Development of the Journal was supported by a grant from the Graham Foundation for Advanced Studies in the Fine Arts.
Commissions
Pastizal Zamudio, a Mexicali-based artist and former inhabitant of the Mexicali Experiment developed Before the Last Rubble, in the Face of Dawn (2038), 2023, a meditative garden comprised of one hundred handmade stones in the central courtyard of the Mexicali complex.
Artist Cynthia Hooper’s The Mexicali Experiment (2024) is a series of paintings and drawings depicting the current appearance of the houses and builder’s yard of the architectural project.
Mexicali-based architecture studios Veintedoce and Localista conceived a pavilion based on Alexander’s “pattern language” at the original site in Mexicali (2023).
Tijuana-San Diego based architecture collective Cro Studio (Adriana Cuéllar and Marcel Sánchez) realized the design for The Mexicali Experimental Project exhibition.
Designer Alejandro Magallanes created an original typeface for The Mexicali Experimental Project exhibition.
Conversations
El Sitio: A Timeless Way of Building (May 18–20, 2023) was a three-day public conversation at the original site of the Mexicali Experiment dedicated to concepts of vernacular dwelling, social architecture, and spatial justice with Georgina Cebey, CRO Studio, Teddy Cruz, Alejandro D’Acosta, Howard Davis, AJ Kim, Michael Mehaffy, Felipe Orensanz, and Lorenia Urbalejo.
Unmaking the Grid (Bread & Salt, Nov. 9, 2024) was a public conversation dedicated to early architectural projects and practices that challenged social experimentation and thinking in the 1970s, including artist Judith Barry, urbanist Dorit Fromm, architect Thom Mayne, and architectural historian Ginger Nolan.

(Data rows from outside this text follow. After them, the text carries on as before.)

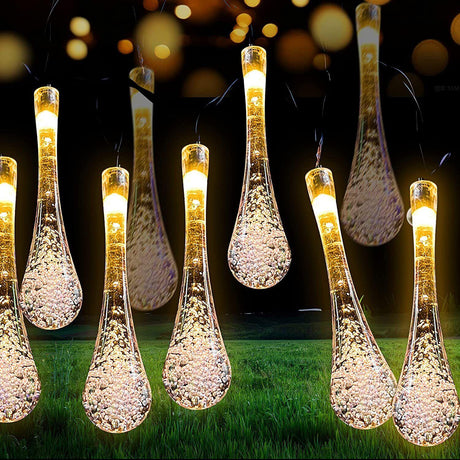 Raindrop Design Solar Powered Warm White Led String Lights by GEEZY - UKBuyZone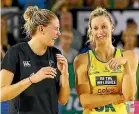  ??  ?? Left, Casey Kopua came back from a serious knee injury suffered in 2014 to make the 2015 World Cup; centre, with former Magic coach Julie Fitzgerlan­d and right, sharing a laugh with her great rival, long-time Australian captain Laura Geitz.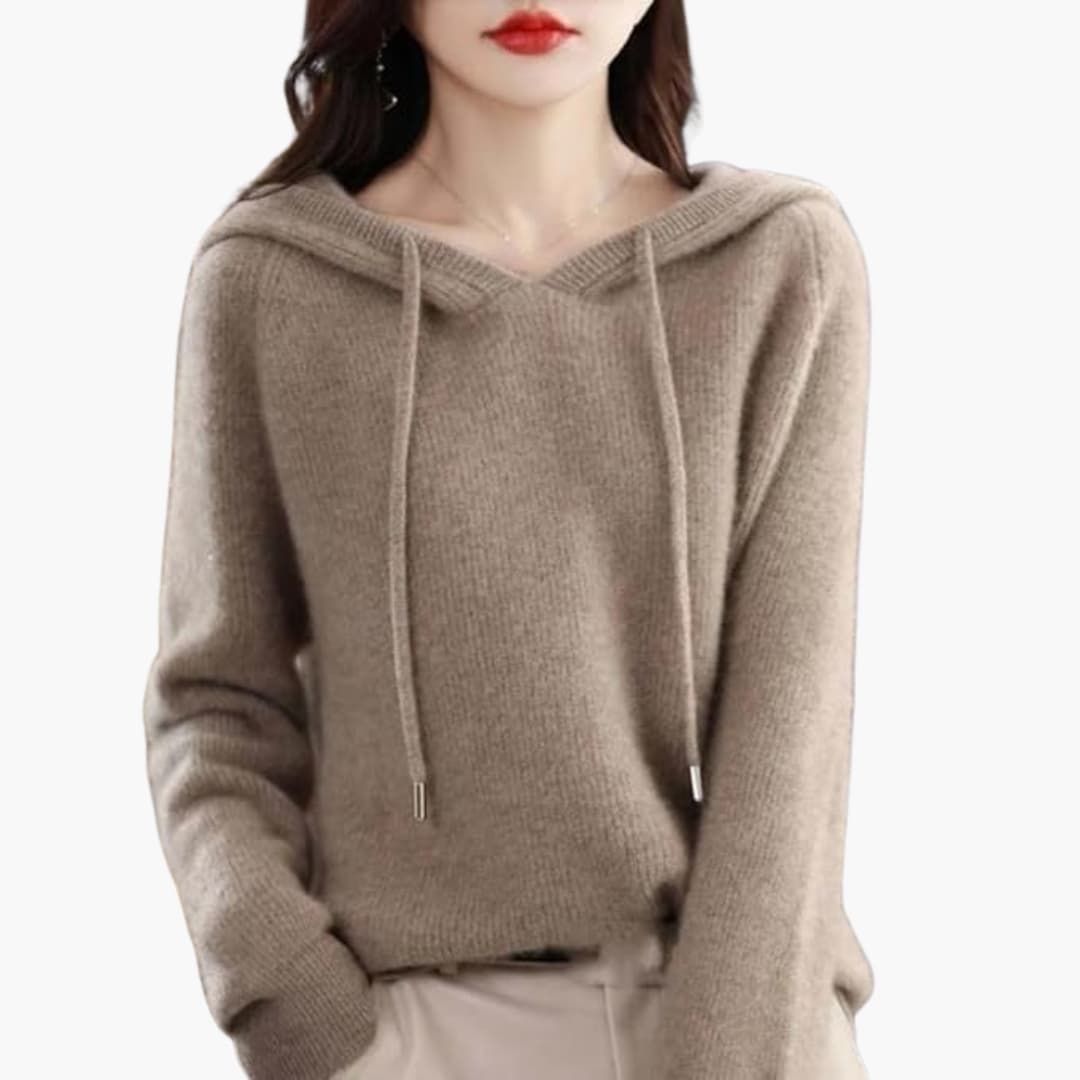 Damen Strick Hoodie mit langen Ärmeln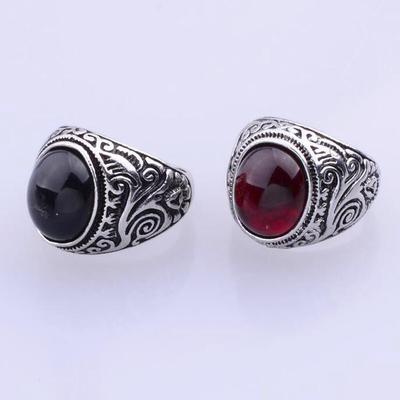 Inele Bărbați Retro Europene & Americane cu Piatră Prețioasă Negră & Roșie - Design Popular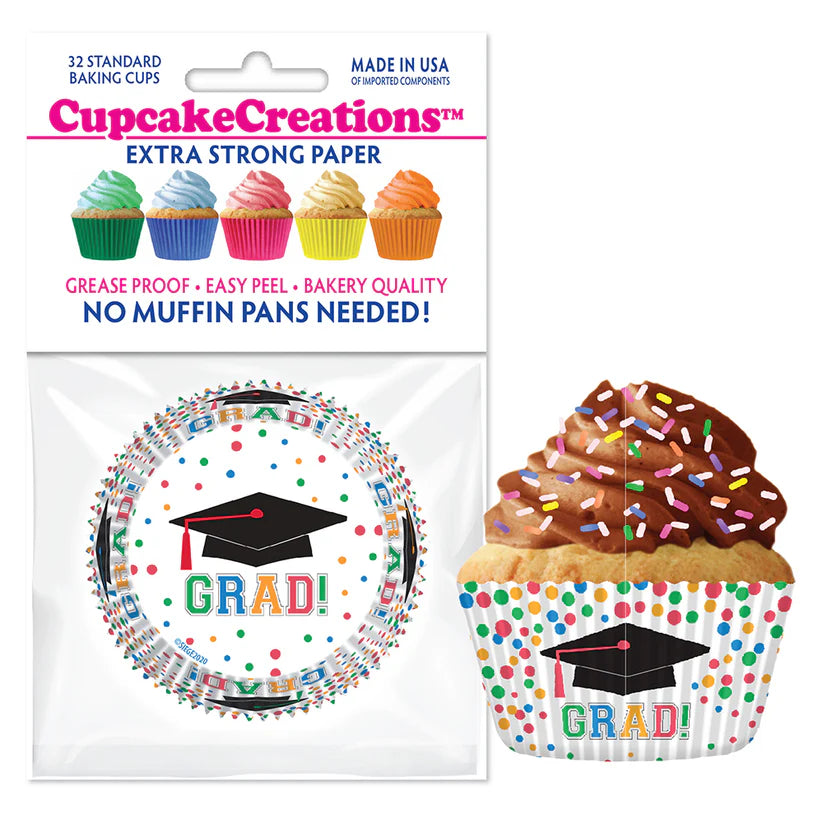 Cupcake Creations // Cupcake Liners "Graduation Dots" 2" Base x 1 3/8 " Wall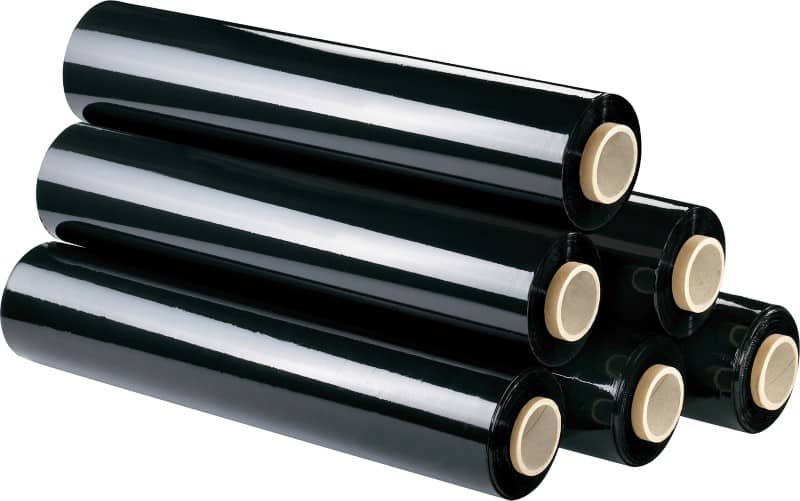 Raja Stretch Film Rolls 500 mm (W) x 200 m (L) 25 Micron Black Pack of 6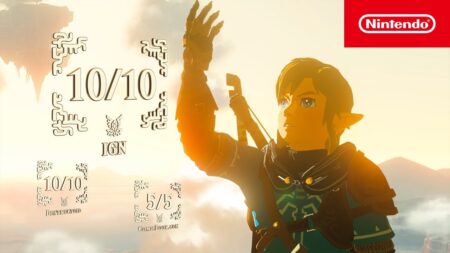 Link di The Legend of Zelda: Tears of the Kingdom con dei 10 sullo sfondo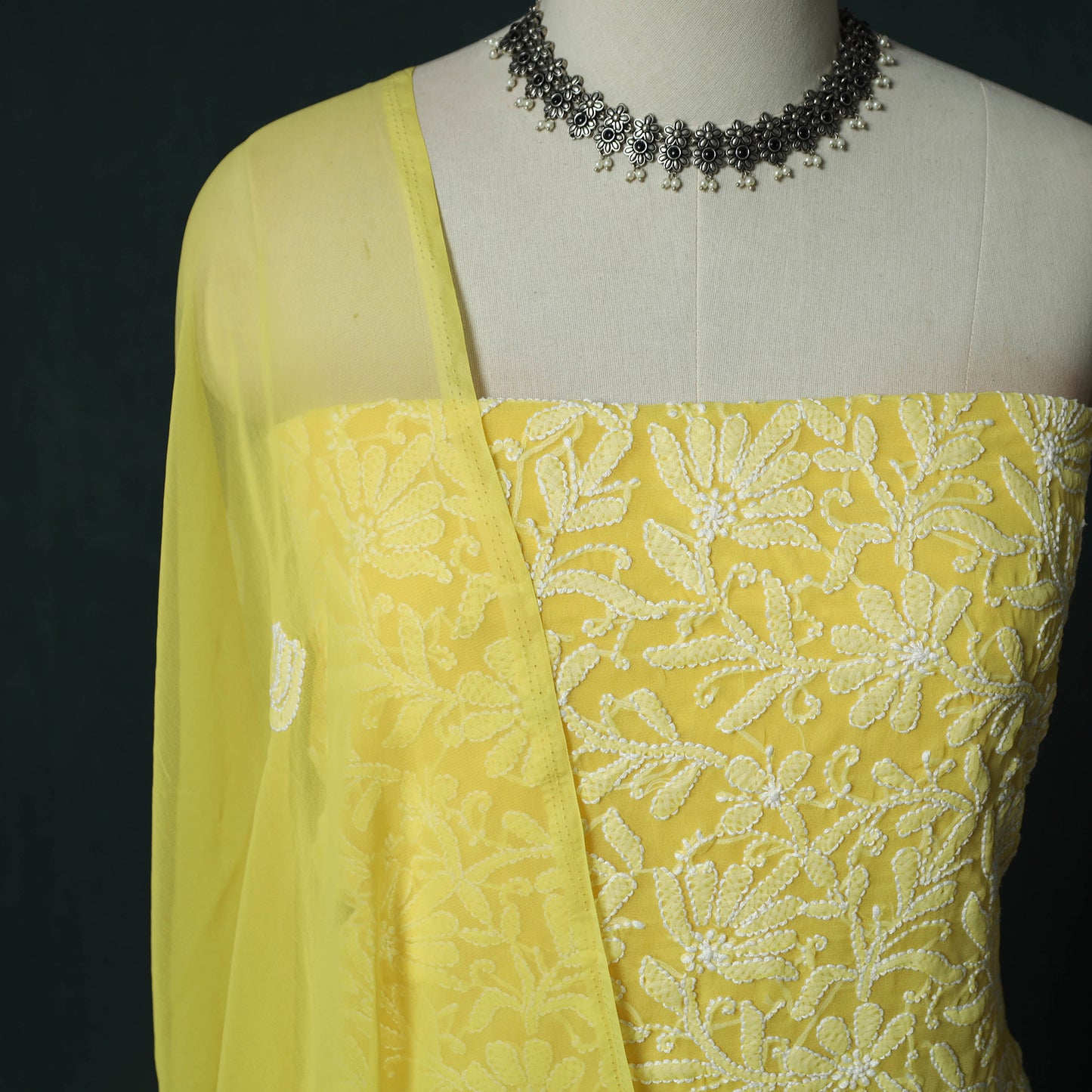 Yellow - Lucknowi Chikankari Hand Embroidered Georgette 3pc Unstitched Dress Material Suit Set 16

Housing Ecologies: Conversations on Transborder Living (Bread & Salt, Feb. 15-16, 2025) will be a two-part public conversation on social housing in February and March 2025. Pritzker Prize-winning architects Anne Lacaton and Jean-Philippe Vassal have been invited by Teddy Cruz and Fonna Forman, and Renee Y. Chow, Dean of the UC Berkeley College of Environmental Design, has been invited by Marcel Sánchez and Adriana Cuéllar of Cro Studio.